● Records provided

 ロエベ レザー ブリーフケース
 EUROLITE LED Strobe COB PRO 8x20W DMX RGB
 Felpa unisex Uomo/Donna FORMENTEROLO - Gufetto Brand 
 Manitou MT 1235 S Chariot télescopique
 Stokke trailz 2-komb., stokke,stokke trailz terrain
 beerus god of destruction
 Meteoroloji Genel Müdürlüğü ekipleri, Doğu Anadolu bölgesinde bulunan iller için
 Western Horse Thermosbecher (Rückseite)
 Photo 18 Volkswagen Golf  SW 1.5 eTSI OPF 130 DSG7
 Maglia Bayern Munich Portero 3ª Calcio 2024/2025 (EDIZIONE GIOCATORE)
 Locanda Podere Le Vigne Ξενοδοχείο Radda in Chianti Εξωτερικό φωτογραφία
==
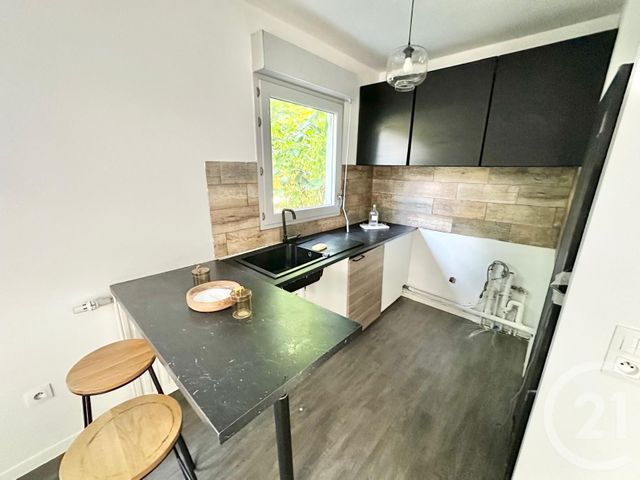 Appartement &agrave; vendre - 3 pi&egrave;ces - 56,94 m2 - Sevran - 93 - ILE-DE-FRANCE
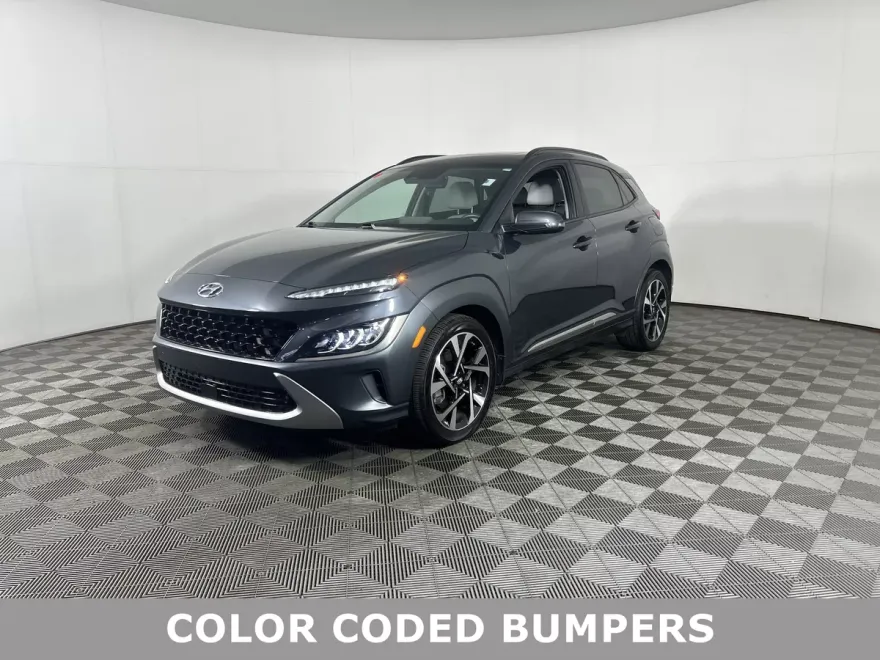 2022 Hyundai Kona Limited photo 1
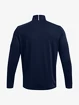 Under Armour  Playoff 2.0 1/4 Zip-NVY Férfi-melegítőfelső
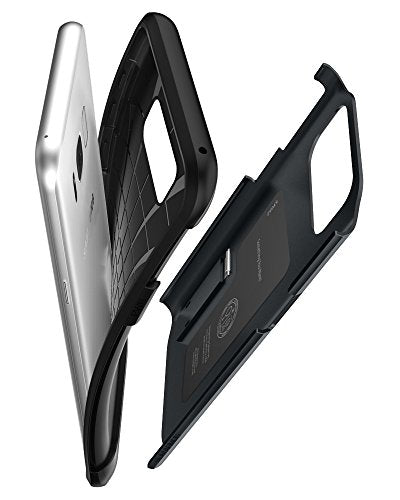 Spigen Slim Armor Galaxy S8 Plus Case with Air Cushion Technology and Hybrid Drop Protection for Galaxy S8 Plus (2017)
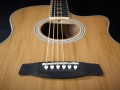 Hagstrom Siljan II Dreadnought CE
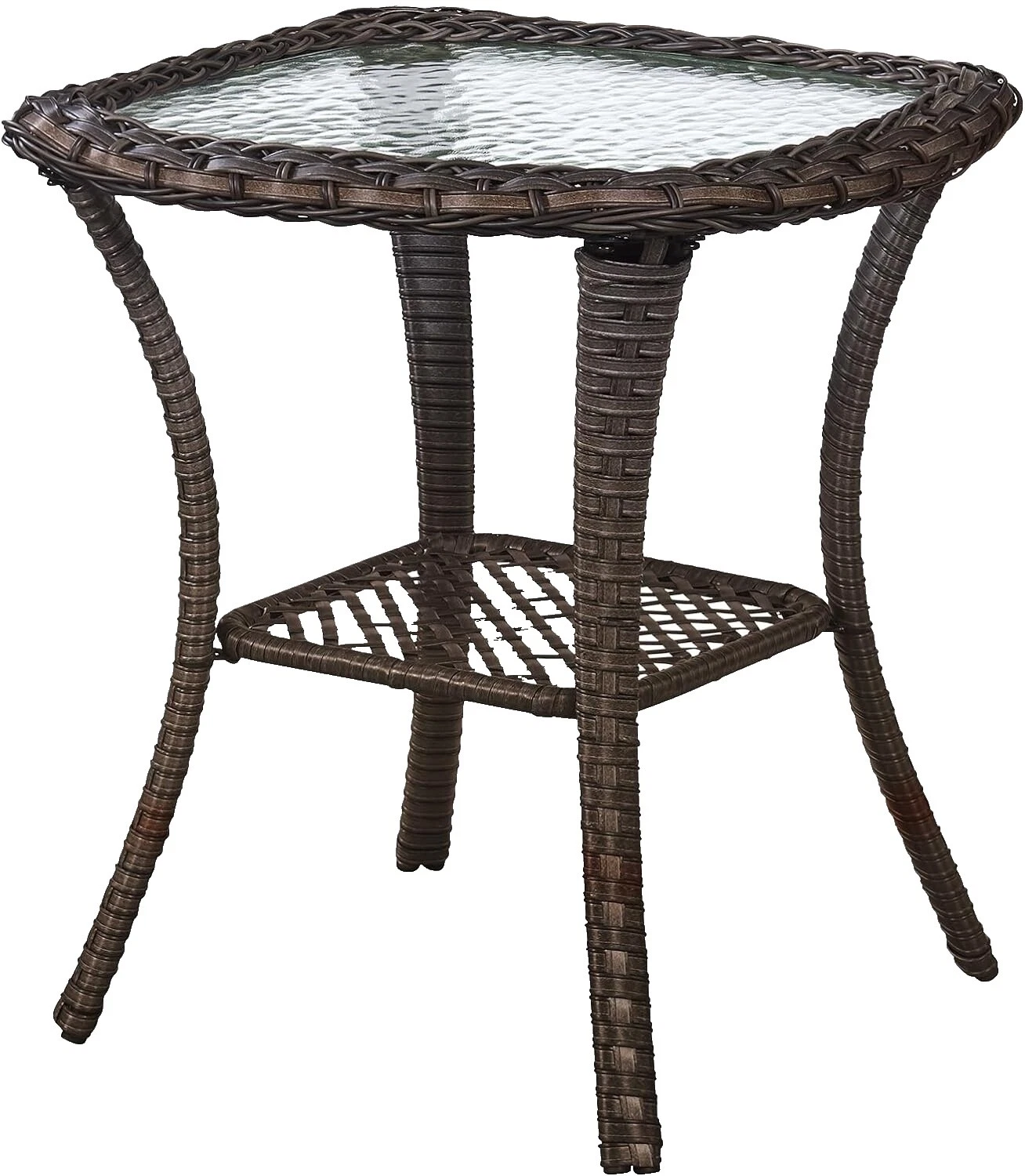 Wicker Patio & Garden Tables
* * *
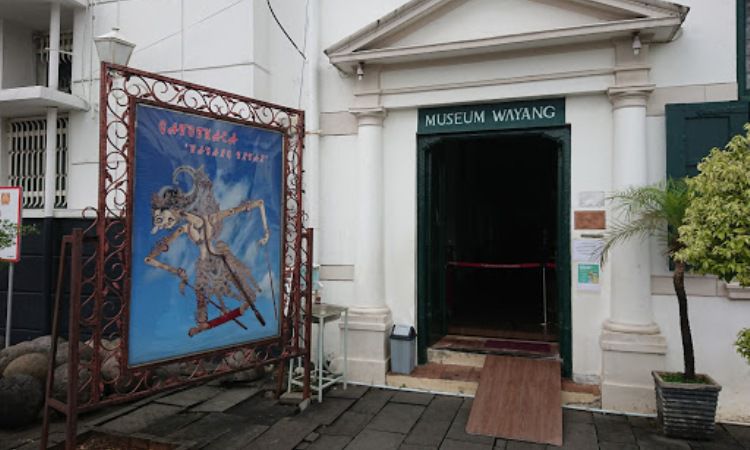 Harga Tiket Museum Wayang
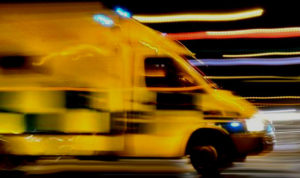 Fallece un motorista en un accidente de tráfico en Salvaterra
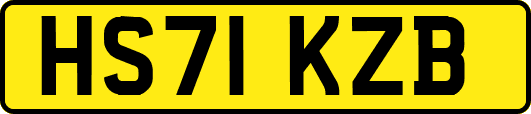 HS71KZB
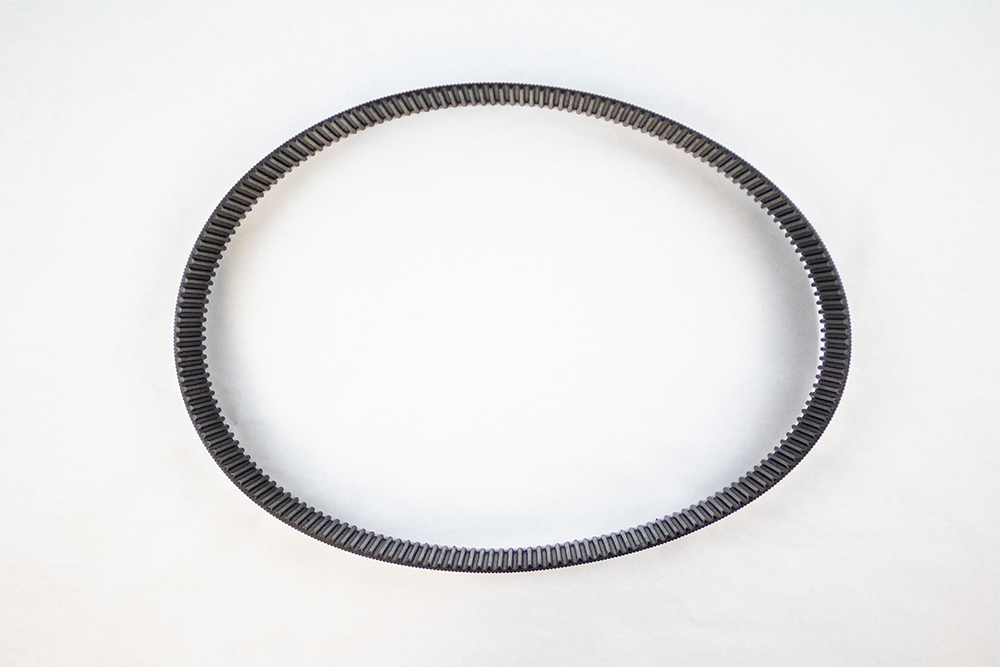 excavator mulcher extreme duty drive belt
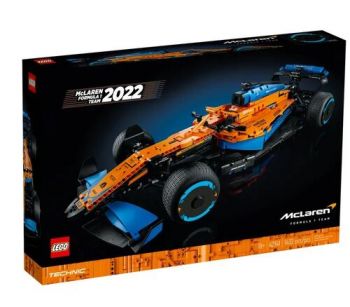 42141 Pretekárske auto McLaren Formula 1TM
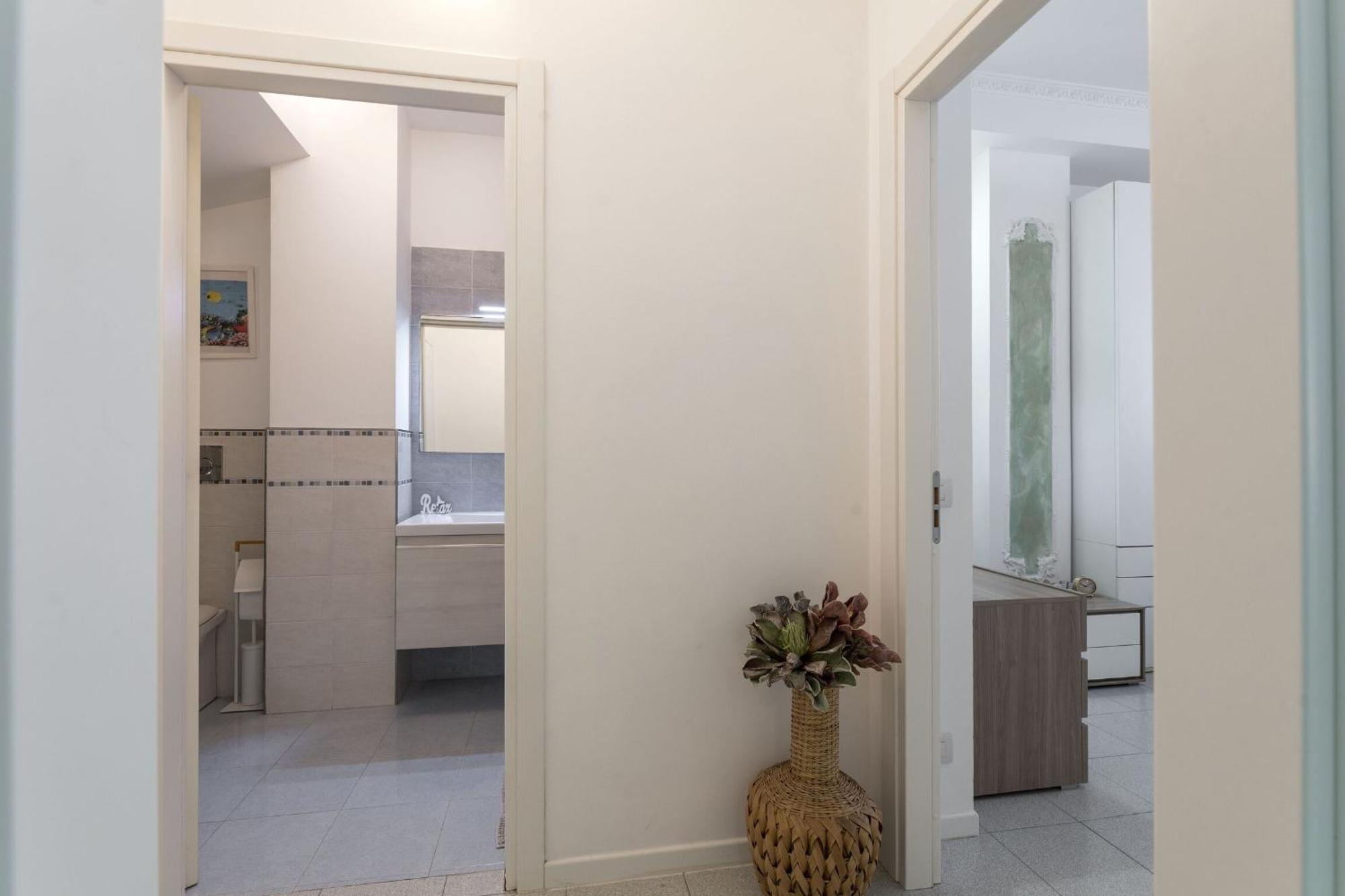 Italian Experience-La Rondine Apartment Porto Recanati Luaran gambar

● About this exercise
In the material above, one part opens with the line containing "2022 Hyundai Kona Limited photo 1" and closes with the line containing "Wicker Patio & Garden Tables". Write out that part exactly and skip its pictures.

● Exercise output
 2022 Hyundai Kona Limited photo 1
 Under Armour  Playoff 2.0 1/4 Zip-NVY Férfi-melegítőfelső
 Spigen Slim Armor Galaxy S8 Plus Case with Air Cushion Technology and Hybrid Drop Protection for Galaxy S8 Plus (2017)
 Hagstrom Siljan II Dreadnought CE
 Wicker Patio & Garden Tables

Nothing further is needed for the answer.